Evaluating Interviews

24 minutes, 1 link

You’re reading an excerpt of The Holloway Guide to Technical Recruiting and Hiring, a book by Osman (Ozzie) Osman and over 45 other contributors. It is the most authoritative resource on growing software engineering teams effectively, written by and for hiring managers, recruiters, interviewers, and candidates. Purchase the book to support the author and the ad-free Holloway reading experience. You get instant digital access, over 800 links and references, commentary and future updates, and a high-quality PDF download.

When interviewers know what to expect from interview questions—what makes an answer “poor,” “fair,” “good,” or “excellent”—they are less likely to let noise and bias slip into their evaluations. Rubrics are systems that make it easier for interviewers to provide and discuss feedback on candidates, because everyone will be working from the same set of expectations.

A rubric is a set of guidance, usually written, for evaluating candidate’s answers to interview questions. Included in this guidance may be examples of answers at different quality levels, or prompts to help the interviewer perform their assessment. Rubrics may also provide interviewers with a series of questions to use, typically of increasing difficulty.

In a structured interview, rubrics are essential to keep interviewers on track and ensure an effective and fair process. Even with a rubric, it can be tricky to specify exactly what a good or bad performance looks like—there’s always variation in each individual and room for human judgment or interpretation. You might think of rubrics as a starting point to help foster fair and productive interviews and evaluations.
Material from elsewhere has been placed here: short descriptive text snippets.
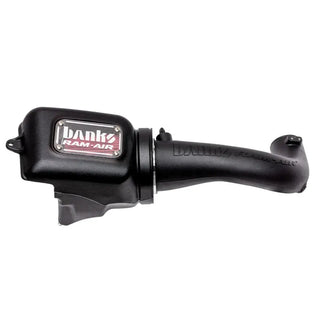Banks Power Ram-Air Cold Air Intake Oiled Filter (FRONT): Jeep Wrangler JL 2018-2023 2.0L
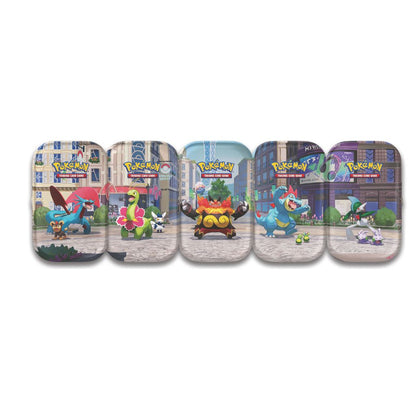 Pokémon TCG Lumiose City Mini Tins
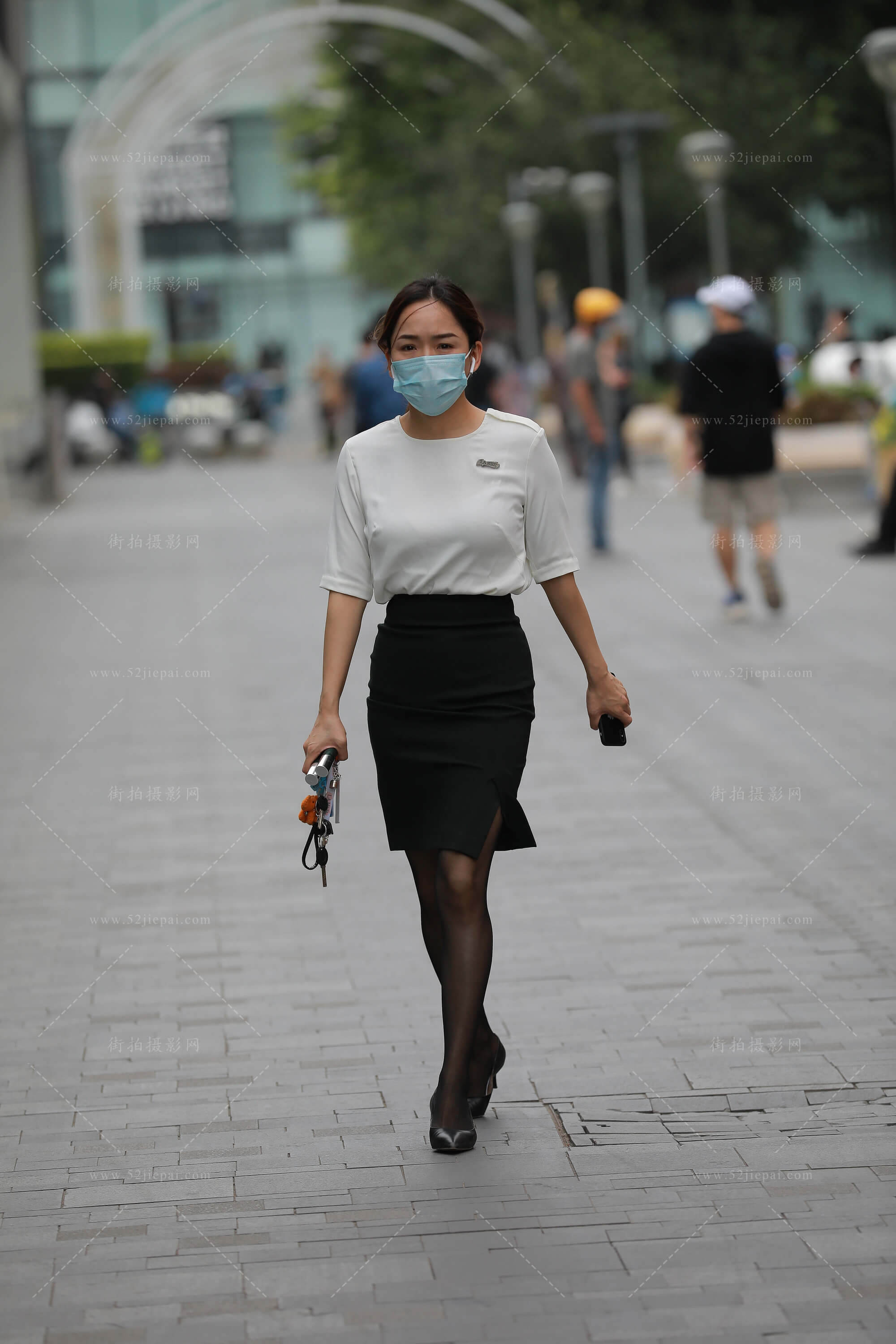 街拍美图合集,高清付费图集(90)-姐姐白又白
There are many ways to write technical and nontechnical rubrics, and every company has their own method.

Building Rubrics

Teams design rubrics differently. Rubrics can be perfunctory, with just a list of questions to ask and simple pass/fail boxes to check, or they can be detailed, including briefs on why each question is being asked, descriptions of what different levels of success are for each question, and/or what would be expected of different candidate levels for each question. The more detailed the rubric, the more fair and systematic the process—but the greater the challenge of designing and maintaining it.

Rubrics do not remove the need for flexibility in any given interview. They help you to score a candidate’s progress through a question, and can even allow you to be more flexible by preparing you to pivot when something unexpected comes up.

story “All good questions have variable depth. Like, there’s a point halfway through the question where it’s clear the person’s not going to get through it. So you might have a 20-minute version of a 60-minute question. That can go the other way, ‘This person is going through this so fast, let’s make it harder.’ It’s like a rip cord, where 15 minutes in I know whether I can pivot to the shorter version or longer, or end it, or add the next layer of the onion. It’s about preparing to offer extensible difficulty, variable difficulty.” —Scott Woody, former Director of Engineering, Dropbox

story “One way to increase the reach of a question bank is to structure the rubric to call out what answers you would expect at what candidate level. This can help minimize bias (everyone knows what ‘senior’ means for this), and, where it makes sense, reduces the need to have different question sets for different levels.” —Ryn Daniels, Senior Software Engineer, HashiCorp

A Sample Technical Question Rubric

Question: Write a program that prints out the elements of a binary tree in order.

What we are looking for in this question:

  • The candidate asks appropriate clarifying questions, such as what data type is stored in the tree and what the output format should be.

  • The candidate is able to independently write the initial version of the program without significant interviewer intervention or coaching.

  • There are either no bugs, or the candidate is able to find and fix all of their bugs in a proactive, independent fashion (that is, the interviewer does not have to point out that there is a bug or give them a test case).

  • The candidate uses all language features in an appropriate way—it’s OK if they make syntax errors or don’t know the names of library functions.

  • The candidate is able to describe the Big O notation performance of their program accurately, and they do not use unnecessary memory or do inefficient operations such as visiting a node multiple times.

  • An excellent performance: Requires hitting all of the above bullets, and will typically result in a “solid yes” for the candidate.

  • A good performance: Requires at least four of the five bullets—typically, someone can get a “good” rating as long as the issues are largely in making up-front assumptions rather than having significant bugs or logic errors. A good performance will typically result in a “weak yes” for the candidate. The simplicity of this question means that somewhat shaky performance can also result in a “weak no.”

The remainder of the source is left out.